The truthiness of iPod ear: The Peter Townshend loud iPod story is going mainstream in tomorrow’s Wall Street Journal. First, let me fully and enthusiastically endorse the common sense notion that it is very likely to be of great harm to one’s hearing to blast one’s iPod into one’s ears. (It couldn’t have been only my Mom who was yelling, “turn down that racket or you’ll go deaf” 35 years ago when the racket was Peter Townshend’s music.)
However, the article in tomorrow’s Journal is in need of a work-over by the WSJ’s “Numbers Guy.” For example, the reporter writes the following:
Apple Computer Inc.’s iPod, and other players by iRiver, Sony and SanDisk — can hold thousands of songs and have longer-lasting batteries than older players. As a result, people are listening to the devices for much longer periods of time.
Say what? The longer-lasting battery claim is easily debunked by anyone who has ever used an iPod. But where could that other statistic possibly come from — the one about “people are listening to devices for longer periods of time” because they have more songs on them. Granted, that sounds logical, but with all the research about people’s media consumption is there any research that shows a correlation between the number of songs one has access to with the amount of time one listens to those songs during a certain period of time? If this were true, shouldn’t the exploding number of hours people spend listening to music be a trend those Pew folks should be all over? Again, the statistic that the more songs you have, the more hours a day you listen to music, may be logical, but you don’t have to be Stephen Levitt to recognize its potential freakiness.

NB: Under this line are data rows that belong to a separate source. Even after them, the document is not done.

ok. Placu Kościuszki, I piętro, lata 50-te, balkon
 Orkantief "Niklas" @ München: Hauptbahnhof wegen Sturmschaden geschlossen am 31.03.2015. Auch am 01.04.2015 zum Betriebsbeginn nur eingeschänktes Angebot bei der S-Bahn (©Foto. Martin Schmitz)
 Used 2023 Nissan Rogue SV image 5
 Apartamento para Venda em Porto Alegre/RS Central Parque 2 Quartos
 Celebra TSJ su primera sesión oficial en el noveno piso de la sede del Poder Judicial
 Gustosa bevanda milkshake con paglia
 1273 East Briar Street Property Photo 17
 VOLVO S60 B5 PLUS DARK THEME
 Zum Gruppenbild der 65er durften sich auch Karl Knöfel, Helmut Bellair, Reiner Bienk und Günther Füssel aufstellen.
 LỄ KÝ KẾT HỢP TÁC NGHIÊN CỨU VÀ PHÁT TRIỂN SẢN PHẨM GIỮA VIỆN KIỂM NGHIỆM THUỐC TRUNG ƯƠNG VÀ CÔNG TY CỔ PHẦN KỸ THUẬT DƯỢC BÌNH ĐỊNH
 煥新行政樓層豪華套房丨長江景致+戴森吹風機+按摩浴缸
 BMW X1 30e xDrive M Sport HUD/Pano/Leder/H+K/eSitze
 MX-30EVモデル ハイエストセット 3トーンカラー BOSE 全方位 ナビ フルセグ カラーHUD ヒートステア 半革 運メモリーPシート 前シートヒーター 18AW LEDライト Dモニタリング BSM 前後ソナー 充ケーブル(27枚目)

Again, let me say on behalf of moms and dads everywhere. As anyone who has ever had their ears ring for 24 hours after a Who concert can tell you: listening to loud music for a long period of time is not good for you. Do it long enough and you’ll very likely screw up your hearing… permanently. But what is it about iPods that makes that ageless Mom-knows-best fact of life have more “truthiness” today than it did 35 years ago?